Mieux inclure les opérateurs commerciaux dans les RIP

Du côté des réseaux d'initiative publique, l'Arcep semble avoir entendu les protestations de SFR, qui reflètent l'incompréhension entre opérateurs grand public et collectivités. "Les réseaux d’initiative publique doivent réfléchir aux conditions permettant de conférer aux opérateurs commerciaux des droits plus proches d’une forme de copropriété", précise le régulateur. Les RIP pourraient alors bénéficier de cofinancements et accélérer leur commercialisation auprès des grands opérateurs. En effet, pour l'heure, c'est surtout Bouygues Télécom qui accélère sa présence sur les RIP : l'opérateur a signé un accord avec Covage en septembre, puis avec TDF mi-octobre, alors que ce dernier inaugurait son premier nœud de raccordement optique dans le Val d'Oise.

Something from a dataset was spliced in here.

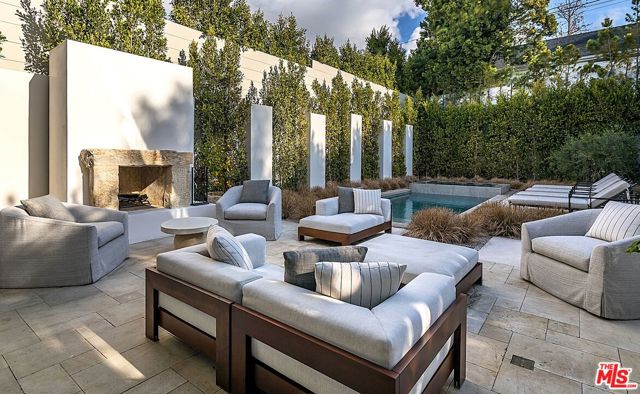 Drew Fenton | 324 S Medio Drive Los Angeles CA | MLS: 7084103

Orange et SFR, quant à eux, restent quasi-absents sur les RIP qu'ils n'exploitent pas. Malgré les propositions de l'Arcep, la partie n'est pas gagnée : auparavant, des négociations pour des co-investissements sur les RIP avaient déjà eu lieu, sans succès.

Un statut de "réseau d'aménagement numérique"

Pour répondre aux ambitions des opérateurs d'en faire plus, l'Arcep propose d'introduire le statut de "réseau d'aménagement numérique". Distinct d'un réseau d'initiative publique, le dispositif viendrait faciliter les démarches de déploiement d'un opérateur qui s'engagerait, en zone AMII ou en zone RIP, à "réaliser un réseau FttH complet, dans un calendrier précis et sur une zone cohérente suffisamment importante". Le statut permettrait aussi de combattre plus efficacement les velléités d'autres opérateurs d'effectuer des déploiements redondants. La Commission européenne travaille aussi en ce sens, en prévoyant que les intentions d'investissement soient beaucoup plus engageantes qu'auparavant. Dans ce cadre précis, l'Arcep verrait d'un bon œil l'intervention de SFR, en accord avec les collectivités, si ces dernières voulaient s'épargner les subventions nécessaires à la mise en place d'un RIP. Mais il faudra passer par des dispositions législatives, pour que ce statut devienne réalité. Une proposition qui tombe à point nommé, alors que le sénateur Patrick Chaize (Ain, LR) réfléchit à une proposition de loi pour sécuriser les investissements des RIP.